Etheridge Concedes To Ellmers

Rep. Bob Etheridge speaks at a news conference in Raleigh, N.C. where he apologized after video posted online showed him swatting at a video camera and demanding that two men taping him with it identify themselves.(AP Photo/The News & Observer, John Rottet)

November 19, 2010

Rep. Bob Etheridge (D-N.C.) formally conceded this afternoon after results from a completed recount were expected to show he didn't make up any significant ground in his race against Rep.-elect Renee Ellmers (R).

In his concession statement, an irritated Etheridge placed blame on a negative campaign that outside groups waged against him.  Specifically, he pinpointed the GOP's role in recording him getting into a shoving incident with a student earlier this year - footage that was later used in a campaign ad against him. 

"The combination of the national tide that swept the country, massive amounts of secret corporate cash funding a campaign of distortions, and dirty politics by Washington, DC partisan operatives was just too much to overcome," Etheridge said.  

"But what's done is done.   I congratulate Mrs.

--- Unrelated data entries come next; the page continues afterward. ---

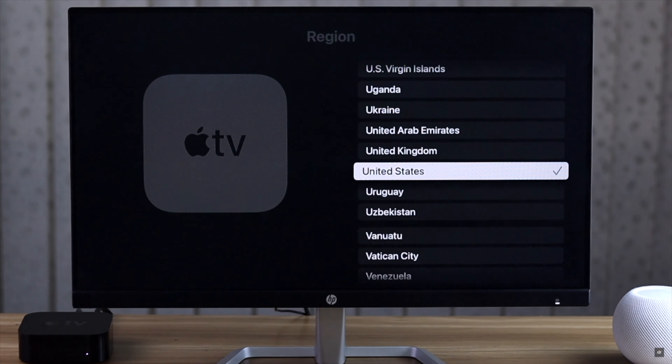As you can see, we are currently in United States. Now select the location you want. We are selecting France. Click Change Region, click Switch to Match, click OK and your region will be changed.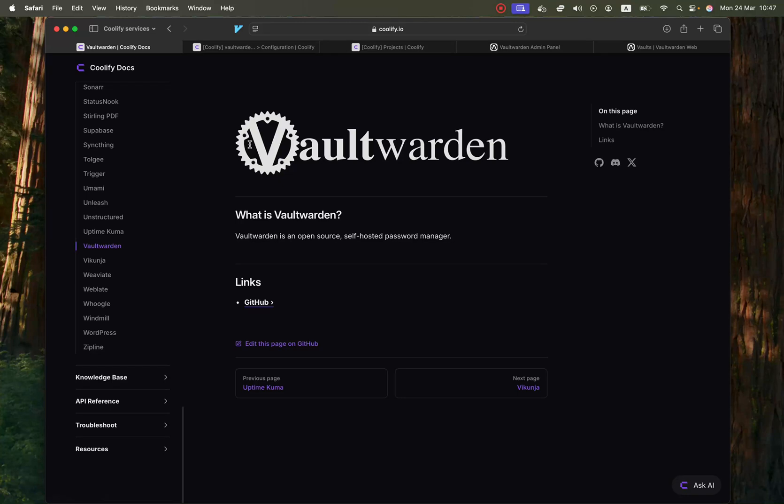What is up guys? The next Coolify service that we're going to be self-hosting is called Vault Warden.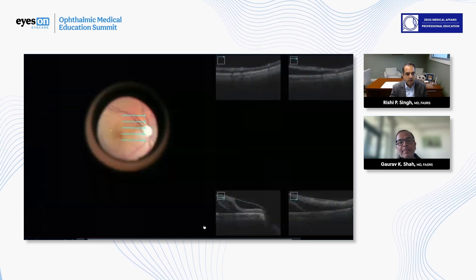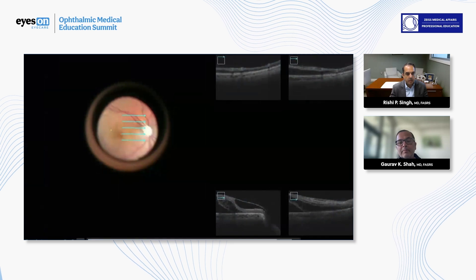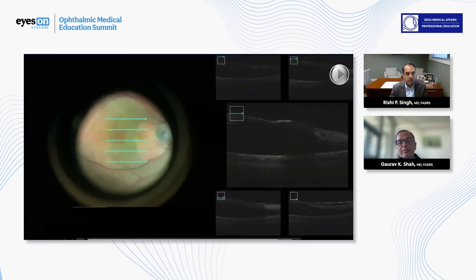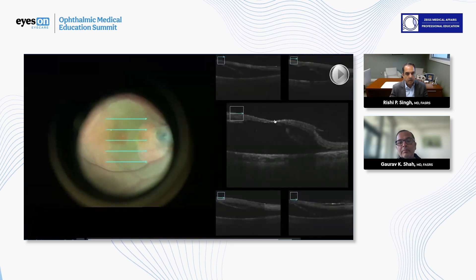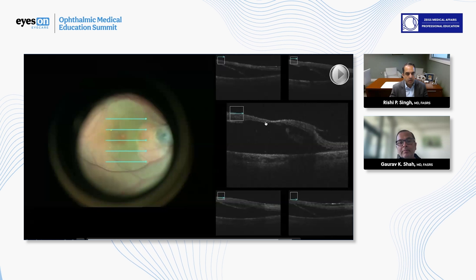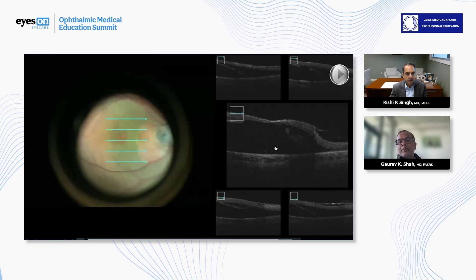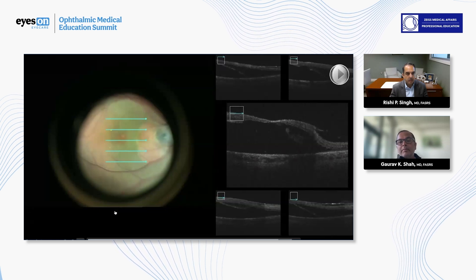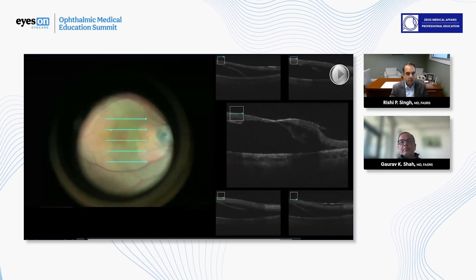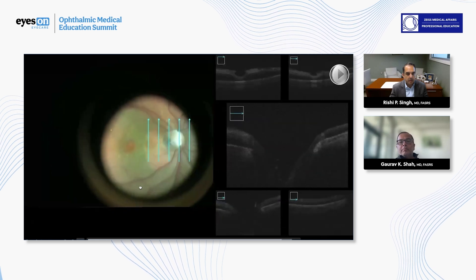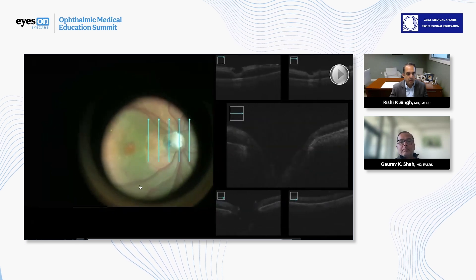Just watching the end of that video, you can see how thin the retina really is. That's got to be less than 25 to 40 microns of retinal thickness right there in dead center. Thankfully, we did not cause an inadvertent macular hole, which is always a kiss of death in these scenarios.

Ellmers and wish her well as she prepares to serve the people of North Carolina's Second District."

Officials certified Ellmers as the winner last week, but because her 1,489-vote lead over Etheridge was less than one percent of the total votes cast, the incumbent was legally permitted to ask for a recount.

The results of the recount will be announced this afternoon, but preliminary reports suggest they show no significant difference from the certified numbers.

The AP called the race on election night for Ellmers, and because of that, Etheridge's concession will not mean that the GOP has picked up another House seat; Republicans remain at a net gain of 61 seats for the cycle.

There are now five outstanding House contests, and Republicans lead in three of them.

This post was updated at 3:40 p.m.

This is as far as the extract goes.